Rutland County Council is encouraging people to learn more about becoming a foster carer during this year’s national Foster Care Fortnight (15 to 28 May).
Foster Care Fortnight is the UK’s biggest foster care awareness-raising campaign. Organised by national charity The Fostering Network, the campaign helps local fostering services to highlight the need for foster carers in their area.
Rutland currently has 10 fostering households offering care and support to around 25 children and young people. Nationwide, almost 40,000 children in England are placed with foster carers. Many of these children will go back to their families after a while. In some cases, this may take days or weeks. Sometimes, it can take much longer.
“We’re looking for more foster carers who can help us provide a safe and caring environment for children who aren’t able to live with their families. There is no ‘typical’ foster carer – the fostering community is diverse, just like the children we care for. Most adults over the age of 21 can be a foster carer but you must be able to give the time to care for a child or young person.
“We don’t need all our carers to look after children for many years. We also need carers who can provide short-term care or emergency care. Fostering can be incredibly awarding so please contact us to find out more and be part of transforming a child’s life.”
Dawn Godfrey, Strategic Director for Children and Families
For more information about fostering in Rutland, please visit our Fostering page.
“There are so many different types of foster care. You can have a huge impact on a child’s life by giving them the care they need, when they need it. We hope lots of people will get in touch with us to find out more.”

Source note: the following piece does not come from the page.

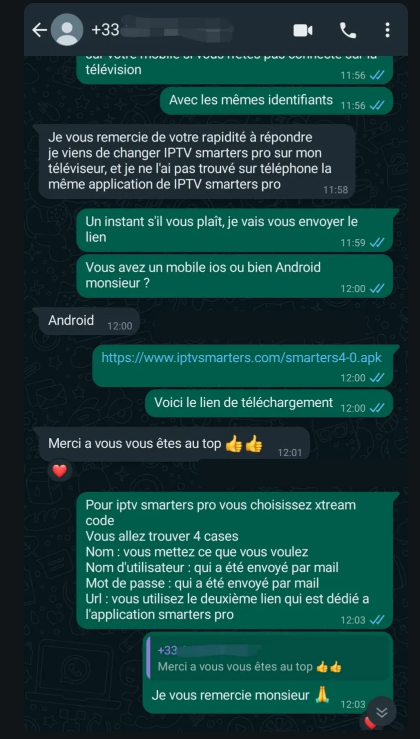 IPTV SUISSE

Laila Oliver, Fostering and Adoption Team Manager
Rutland County Council is seeking foster carers for children aged 0 to 18, and offers its carers professional training, constant guidance and financial support over and above the government’s recommended fostering allowances.
The Council takes a personalised approach when providing support for both carers and children, recognising that everyone is different. This is made possible thanks to the authority’s size and the dedication of its Fostering Team.
Local foster carers work alongside a professional network supporting the children and young people they are looking after, helping them to achieve the best outcomes possible. The type of foster care provided depends on the needs of children and young people.